Other end user impact
---------------------
A new python-novaclient command will be available, e.g.
nova live-migration-abort <instance>
Performance Impact
------------------
None
Other deployer impact
---------------------
None
Developer impact
----------------
None
Implementation
==============
Assignee(s)
-----------
Primary assignee:
Paul Carlton (irc: paul-carlton2)
Other assignees:
Claudiu Belu
Work Items
----------
* python-novaclient 'nova live-migration-abort'
* Cancel live migration API operation
* Cancelling a live migration per hypervisor
* libvirt
* hyper-v
* vmware
Dependencies
============
None
Testing
=======
Unit tests will be added using fake virt driver to simulate a live
migration. The fake driver implementation will simply wait for the
cancelation.
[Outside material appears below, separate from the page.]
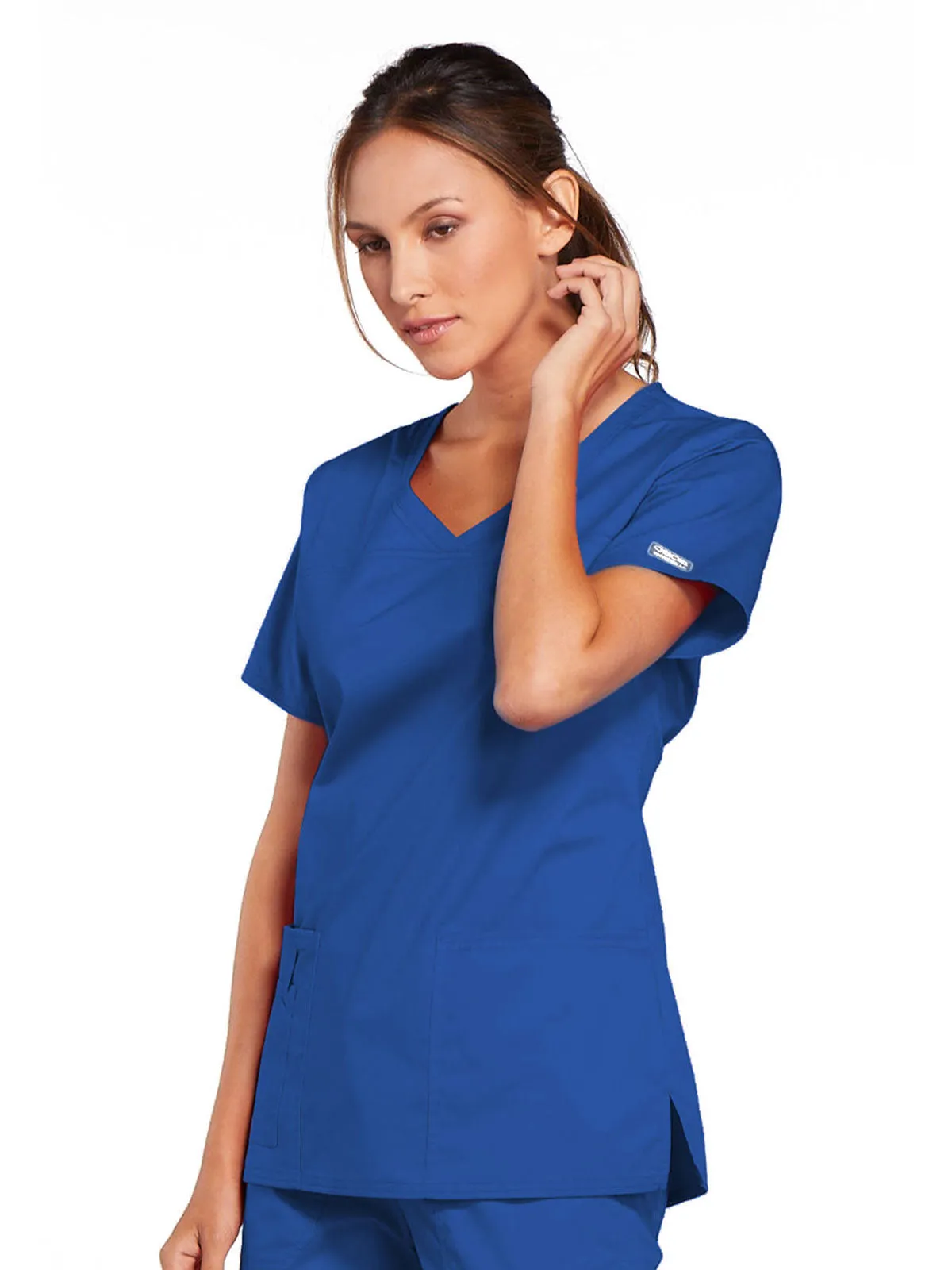 Core Stretch - Women's V-Neck Top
We also want to test attempts to cancel a migration
during pre or post migration, which can be done using a fake
implementation of those steps that will also wait for an indication
that the cancel attempt has been performed.
The functional testing will utilize the new live migration CI job.
An instance with memory activity and a large disk will be used so we
can test all aspects of live migration, including aborting the live
migration.
Documentation Impact
====================
New API needs to be documented:
* Compute API extensions documentation
http://developer.openstack.org/api-ref-compute-v2.1.html
* nova.compute.api documentation
http://docs.openstack.org/developer/nova/api/nova.compute.api.html
References
==========
Some details of how this can be done with libvirt:
https://www.redhat.com/archives/libvirt-users/2014-January/msg00008.html
.. [#] http://lists.openstack.org/pipermail/openstack-dev/2015-February/055751.html
History
=======
.. list-table:: Revisions
:header-rows: 1
* - Release Name
- Description
* - Mitaka
- Introduced